I beg to move, That the Bill be now read the Third time.
I thank all Members for the valuable insight that they have provided throughout the Bill’s passage so far. Their expert scrutiny has gone a long way towards ensuring that it reaches the statute book in good shape.
Indeed, my officials suggested that I describe it as being “in good NIC”—[Hon. Members: “Oh dear!”]—but I thought better of it.
Such has been the level of scrutiny and insight contributed by Members that I shall give the House only a brief reminder of the five main measures in the Bill. The first is a measure to help both to remove barriers to growth for businesses and to equip the United Kingdom to compete in the global race. In this year’s Budget, my right hon. Friend the Chancellor of the Exchequer announced the creation of a new £2,000 employment allowance, which will come into effect on 6 April 2014. The objective is to help businesses with the cost of employing their staff. The allowance will help thousands of small businesses that aspire to grow, and is set to benefit more than 1 million employers.
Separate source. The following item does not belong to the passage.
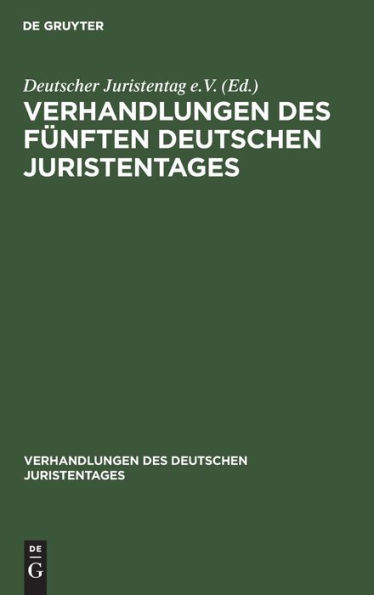 Verhandlungen des fünften Deutschen Juristentages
The second measure was introduced this afternoon. In last week’s autumn statement, the Chancellor announced our proposal, in effect, to abolish employers’ secondary class 1 national insurance contributions on the earnings of any employee under the age of 21 up to the level of the upper earnings limit on 6 April 2015. That will substantially reduce the fiscal burden of secondary class 1 NICs, and thus support youth employment. As the figures in the autumn statement made clear, we estimate that about 340,000 employers could benefit to the tune of more than £450 million in 2015-16, and that the figure could rise to about £530 million in 2018-19. This is another measure that will make it cheaper and easier for businesses to employ young people, and I am sure that it will be welcomed, as a latecomer, by Members in all parts of the House. I appreciate the support that it has received this afternoon.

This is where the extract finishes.